From fashion designs at Ely Cathedral to flowers at Thriplow Daffodil festival, be inspired by the artistry of both people and the planet this month

See a fashion show

Showcasing historic and contemporary arts and craftsmanship side by side, the Royal School of Needlework is exhibiting at Ely Cathedral from now until mid-March.

Following on from the school’s 2015 debut show at the cathedral, For Worship & Glory II unites age-old ecclesiastial treasures - including all 12 panels of the Litany of Loreto, considered the world’s finest example of gold thread work - with new pieces from its current degree students.

Standouts include the fashion designs, which include sharp gender-neutral trouser suits sworled with beading and threads, and a diaphanous kimono scattered with silken rose petals.

Both old and new are beautiful in isolation; together, they have a real drama.

For Worship & Glory II will be in the Lady Chapel until March 13. Entry is via Cathedral Visitor ticket, booked via elycathedral.org.

Step into spring

Thriplow Daffodil Weekend is an annual fixture (55135409)
Thriplow Daffodil Weekend is an annual fixture (55135409)

Seen en masse, their sunshine yellow heads set against spring’s fresh green grass and bright blue sky, daffodils are surely one of nature’s most welcome wonders, signalling, as they do, the end of winter’s drab, dank days.

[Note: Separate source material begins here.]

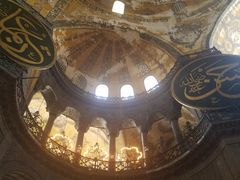 -土耳其与伊斯兰艺术博物馆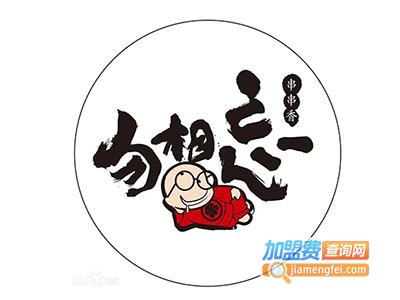 南京勿相忘串串香加盟费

There’s nowhere better to see them than Thriplow, the village which, home to some 500,000-plus bulbs spanning 100-plus varieties, is famous for its annual Daffodil Festival, which runs March 19-20 this year.

Along with the flowers, there’s plentiful family fun to be had at the festival, with more than 100 shopping stalls, Morris dancing, blacksmithing demos, live music, street food and homemade teas all in the line-up.

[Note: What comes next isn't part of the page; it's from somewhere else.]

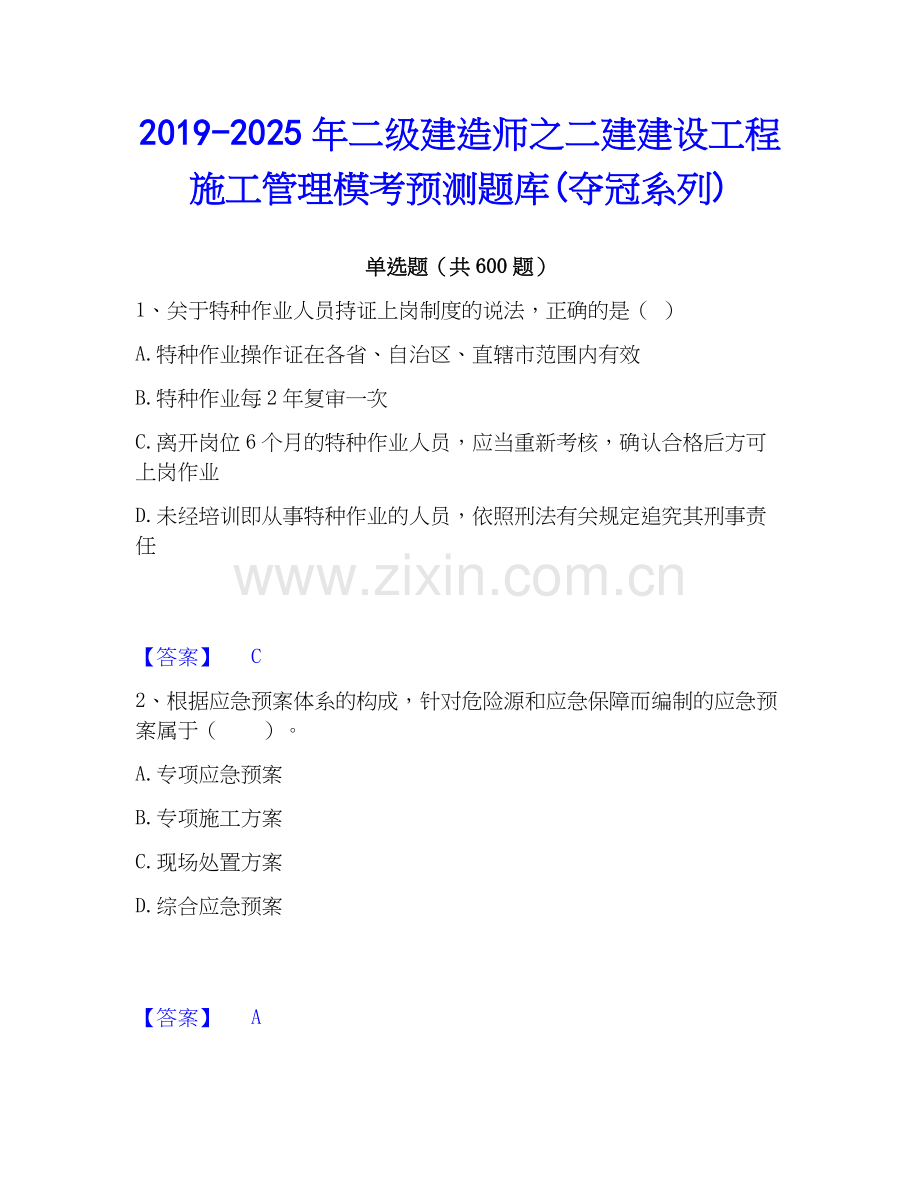 2019-2025年二级建造师之二建建设工程施工管理模考预测题库(夺冠系列).docx_第1页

Plus it raises funds for good local causes, too: since it was founded some 50-odd years ago, the Daffodil Weekend has generated more than £500,000 for charity.

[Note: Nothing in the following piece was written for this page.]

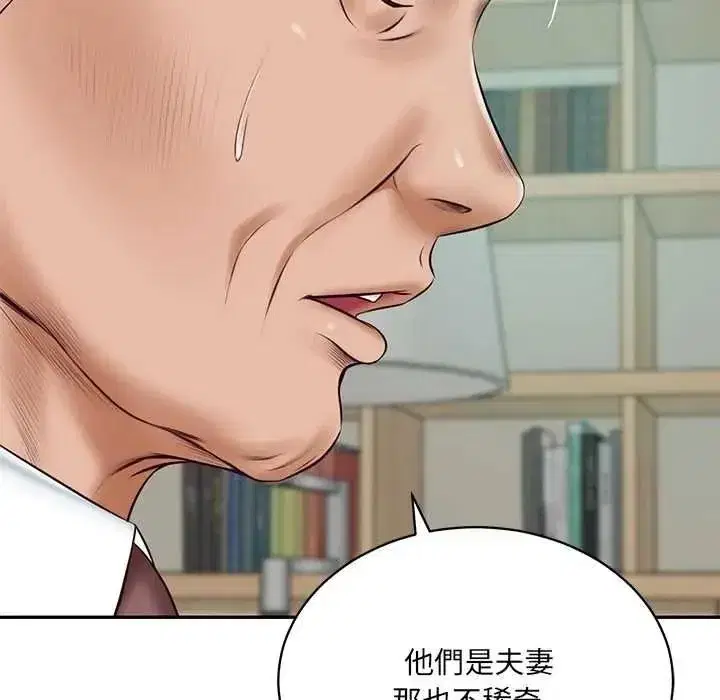 第186話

Tickets £10 for adults, £5 for children aged 5 to 16 and free for under-5s. For more information and to book visit thriplowdaffodils.org.uk.

Go fly a kite

Inspired by “the chaos, colour and competition” of India’s iconic Uttarayan kite festival, which sees millions attempt to fly their kite higher than anyone else, acclaimed dance-meets-theatre show Kattam Katti is coming to Cambridge Junction this month.

Fresh from its sell-out premiere run at London’s Sadler’s Wells at the end of last year, the show was both created and choreographed by Urja Desai Thakore, founder of the Pagrav Dance company. Performed by four UK dancers, all of Asian heritage, alongside four live musicians, it tells their characters’ individual stories which, filled with “the highs and lows, loves and losses of this joyous but ruthlessly competitive festival, become a metaphor for divisions and inequality throughout the world today,” says the team.

Promising to be dynamic, beautiful and thought-provoking by turns, it’s a pay-what-you-feel production. Not to be missed.

Kattam Katti is at Cambridge Junction for two nights, March 22 and 23, at 7.30pm. Tickets at junction.co.uk.

Walk on the wild side

If you want to get in touch with nature - and away from it all, even if just for an hour - Brandon Country Park is a great place to go: spanning 30 acres of Breckland within Thetford Forest, there’s a wildness to both its sandy-soiled heath and deep, dark belts of pine trees.

And now, thanks to a new and free-to-download audio trail app, you can take a guided walk through the park whenever you visit. Led by artist Genevieve Rudd, ECHOES “encourages you to slow down, looking all around to really absorb the environment, prompts you to think about how you would describe your surroundings, and talks you through some drawing techniques to record what you see and experience,” says the park team.

Download the ECHOES app at whatsonwestsuffolk.co.uk/parks/brandon-country-park/.